En me lançant dans l’exercice de la critique, c’est également tout un pan de ma culture générale que j’ai commencé à nourrir. Lors d’un spectacle, il est toujours important de se renseigner un minimum sur l’œuvre, saon créateurice, ses interprètes, et cela d’autant plus lorsque l’on souhaite en faire un article derrière. C’est un peu de ces recherches-là dont j’ai voulu parler dans le dernier épisode de mon podcast, dont voici une partie de la retranscription (je ne parle ici que de deux pièces sur quatre, foncez m’écouter pour avoir toutes les infos!).

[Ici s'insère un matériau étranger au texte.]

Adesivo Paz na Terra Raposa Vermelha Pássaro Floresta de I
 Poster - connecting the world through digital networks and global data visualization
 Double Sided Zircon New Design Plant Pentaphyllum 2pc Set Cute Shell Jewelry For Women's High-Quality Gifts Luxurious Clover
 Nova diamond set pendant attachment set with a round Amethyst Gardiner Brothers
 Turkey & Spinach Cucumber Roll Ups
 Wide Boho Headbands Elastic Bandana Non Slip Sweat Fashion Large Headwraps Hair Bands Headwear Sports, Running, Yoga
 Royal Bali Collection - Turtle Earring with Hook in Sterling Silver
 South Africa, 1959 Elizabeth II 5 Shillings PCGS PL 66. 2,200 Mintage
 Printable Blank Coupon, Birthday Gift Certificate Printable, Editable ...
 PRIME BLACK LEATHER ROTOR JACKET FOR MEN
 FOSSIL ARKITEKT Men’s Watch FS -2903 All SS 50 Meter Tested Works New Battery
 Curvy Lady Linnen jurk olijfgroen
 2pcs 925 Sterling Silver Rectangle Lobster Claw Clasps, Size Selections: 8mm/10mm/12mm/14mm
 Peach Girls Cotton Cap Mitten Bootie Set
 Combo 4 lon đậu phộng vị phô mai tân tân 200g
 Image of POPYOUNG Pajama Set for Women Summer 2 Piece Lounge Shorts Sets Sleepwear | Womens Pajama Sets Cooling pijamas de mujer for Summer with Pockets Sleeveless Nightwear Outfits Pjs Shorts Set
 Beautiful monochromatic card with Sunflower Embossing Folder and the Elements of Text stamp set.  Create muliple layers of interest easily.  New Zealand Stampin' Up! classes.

Dernières sorties et culture générale - Némésis
Pour commencer, nous allons parler de Tiphaine Raffier et son dernier spectacle, Némésis. Autrice, comédienne, metteuse en scène et même réalisatrice, Tiphaine Raffier est une artiste polyvalente. Elle crée sa compagnie « La Femme coupée en deux » en 2015, compagnie avec laquelle elle porte ses dernières créations : La Chanson, Dans le nom, France fantôme, La réponse des hommes, Rassurer les inquiets, Némésis. Avec sa compagnie, Tiphaine Raffier cherche à utiliser tous les outils liés à la création théâtrale : la construction littéraire, l’exigence de la langue, le jeu d’acteurice, le dispositif spatial, les créations sonores, vidéo et lumière. Elle accorde également beaucoup d’importance aux spectateurices, à qui elle souhaite accorder une liberté de mouvement de l’esprit. Et c’est aussi quelqu’un qui aime raconter des histoires.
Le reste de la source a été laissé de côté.